Omaha came and everyone got off. The train conductor was asking everyone about what they had seen and clearly someone had alerted him to the fight. Nobody had seen anything, though, thankfully. The conductor asked him, too, but Casey shook his head dumbly.
Omaha was a growing town and built of wooden houses, churches, warehouses and stores. A few enquiries and he was directed to a hotel with an enormous frontage and sign stating it was the ‘best hotel east of the Rockies and west of the Missouri’. Casey smiled sardonically. He’d get a job and ask around if anyone had seen the girl.
For three weeks he got nowhere, except in getting a job as a packer of wood in a warehouse that the proprietor, a tired individual who had injured an arm the winter just gone, was thankful for. There was a lot of work to do, for the railroad running west was bringing in plenty of building material, wood mostly, and building was going on at a phenomenal rate.
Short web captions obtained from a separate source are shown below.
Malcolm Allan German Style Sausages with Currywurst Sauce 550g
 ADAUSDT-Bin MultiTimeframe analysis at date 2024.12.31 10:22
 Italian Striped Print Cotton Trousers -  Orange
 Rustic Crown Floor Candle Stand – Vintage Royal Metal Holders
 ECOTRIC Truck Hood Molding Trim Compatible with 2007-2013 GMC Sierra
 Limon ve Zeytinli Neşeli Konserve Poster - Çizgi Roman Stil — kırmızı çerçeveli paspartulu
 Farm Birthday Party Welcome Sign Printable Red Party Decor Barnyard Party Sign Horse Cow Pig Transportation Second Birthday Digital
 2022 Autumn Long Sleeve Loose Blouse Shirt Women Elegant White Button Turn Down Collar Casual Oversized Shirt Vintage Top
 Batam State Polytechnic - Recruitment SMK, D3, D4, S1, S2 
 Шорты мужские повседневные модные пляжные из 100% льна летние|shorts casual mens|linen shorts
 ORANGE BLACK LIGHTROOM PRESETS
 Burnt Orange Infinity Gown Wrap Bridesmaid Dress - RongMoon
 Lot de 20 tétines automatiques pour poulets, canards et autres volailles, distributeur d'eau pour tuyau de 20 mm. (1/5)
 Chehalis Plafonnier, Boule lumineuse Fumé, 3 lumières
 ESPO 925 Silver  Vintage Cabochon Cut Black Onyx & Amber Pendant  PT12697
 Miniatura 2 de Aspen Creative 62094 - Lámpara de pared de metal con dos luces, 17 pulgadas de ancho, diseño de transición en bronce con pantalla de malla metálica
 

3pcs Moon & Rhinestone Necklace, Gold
Supplies of lumber were also coming in on the Missouri river.
When he’d finished his day’s work he often sat in a saloon across the road and spoke to the barman and other patrons before making his way to his small rented room down the road. It was on one of these evenings that he finally learned about Lisa, although not in a conventional way.
One of the alleyways he passed had three men waiting at the entrance and as Casey passed there came the unmistakable click of a colt being cocked. He looked at the three and saw the muzzle pointing at him. “You come here or we kill you now.”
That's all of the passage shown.